I have a huge list of bit vectors (BV) that I want to group in clusters.
The idea behind this clusters is to be able to choose later BVs from each cluster and combine them for generate a BV with (almost) all-ones (which must be maximized).
For example, imagine the 1 means an app is Up and 0 is down in node X in a specific moment in time. We want to find the min list of nodes for having the app Up:
App BV for node X in cluster 1: 1 0 0 1 0 0
App BV for node Y in cluster 2: 0 1 1 0 1 0
Combined BV for App (X+Y): 1 1 1 1 1 0
I have been checking the different cluster algorithms but I did found one that takes into account this "complemental" behavior because in this case each column of the BV is not referred to a feature (only means up or down in an specific timeframe).
Regarding other algorithms like k-means or hierarchical clustering, I do not have clear if I can include in the clustering algorithm this consideration for the later grouping.

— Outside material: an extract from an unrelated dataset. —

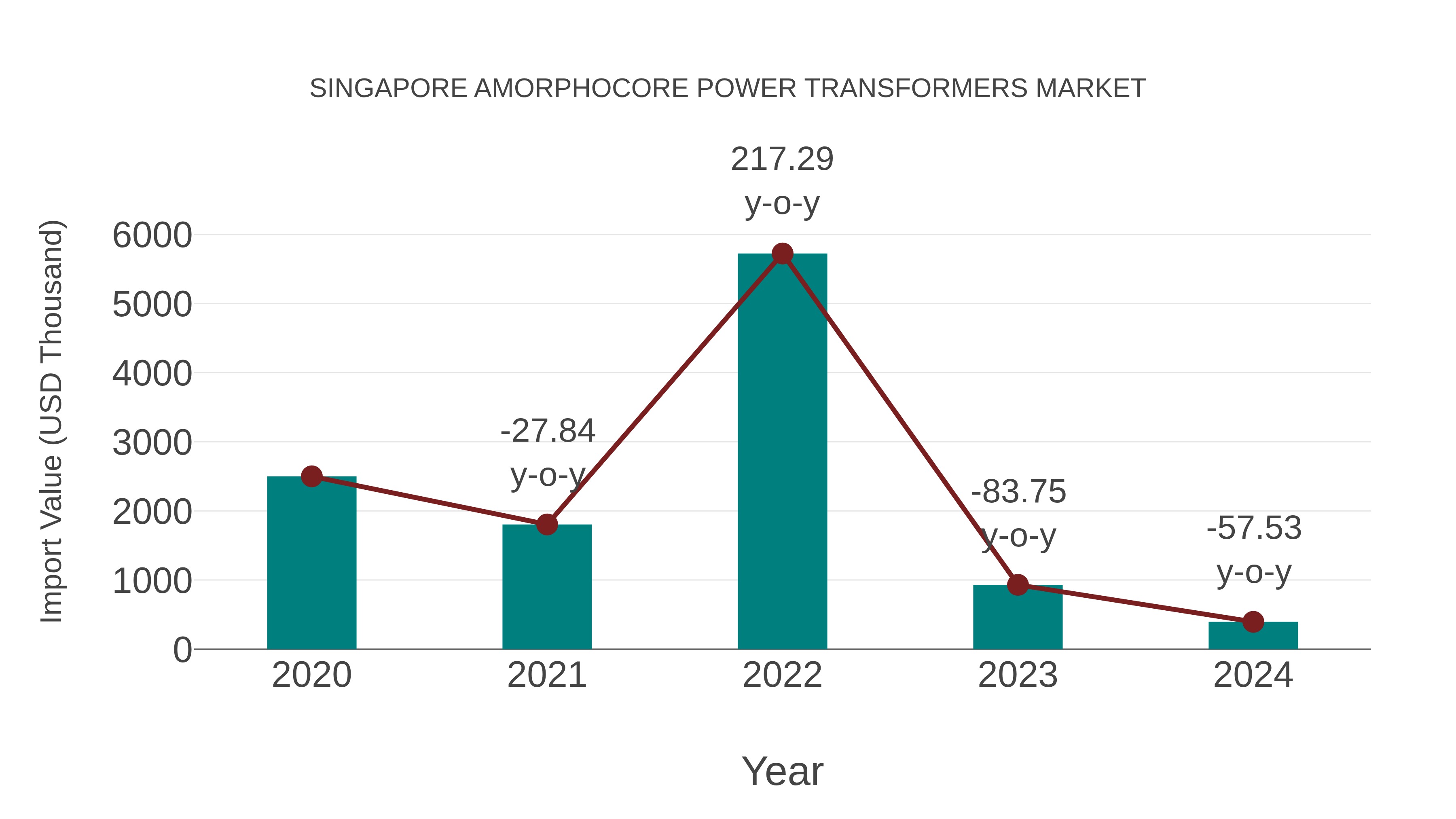  Singapore Amorphocore Power Transformers Market: Import Trend Analysis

Finally, I am using the hamming distance to determine the intra-cluster and the inter-cluster distances given that it seems to be the most appropiated metric for binary data but results show me that clusters are not closely grouped and separated among them so I wonder if I am applying the most suitable group/approximation method or even if I should filter the input data previously grouping.

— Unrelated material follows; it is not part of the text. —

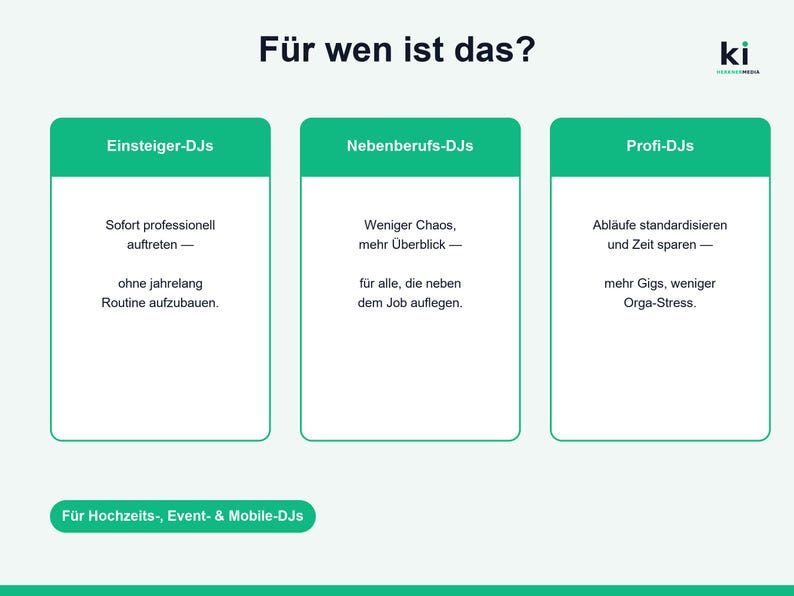 K&ouml;nnte beinhalten: Eine wei&szlig;e Infografik mit der &Uuml;berschrift F&uuml;r wen ist das? und drei gr&uuml;n unterlegten Spalten f&uuml;r Einsteiger-DJs, Nebenberufs-DJs und Profi-DJs. Jede Spalte listet Vorteile f&uuml;r DJs auf, erg&auml;nzt durch einen gr&uuml;nen Button mit der Aufschrift F&uuml;r Hochzeits-, Event- & Mobile-DJs.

Any clue or idea regarding grouping/clustering method or filtering data is welcomed.
This does not at all sound like a clustering problem.
None of these algorithms will help you.
Instead, I would rather call this a match making algorithm. But I'd assume it is at least NP-hard (it resembles set cover) to find the true optimum, so you'll need to come up with a fast approximation. Best something specific to your use case.
Also you haven't specified (you wrote + but that likely isn't what you want) how to combine two 1s. Is it xor or or? Nor if it is possible to combine more than two, and what the cost is when doing so. A strategy would be to find the nearest neighbor of the inverse bitvector for each and always combine the best pair.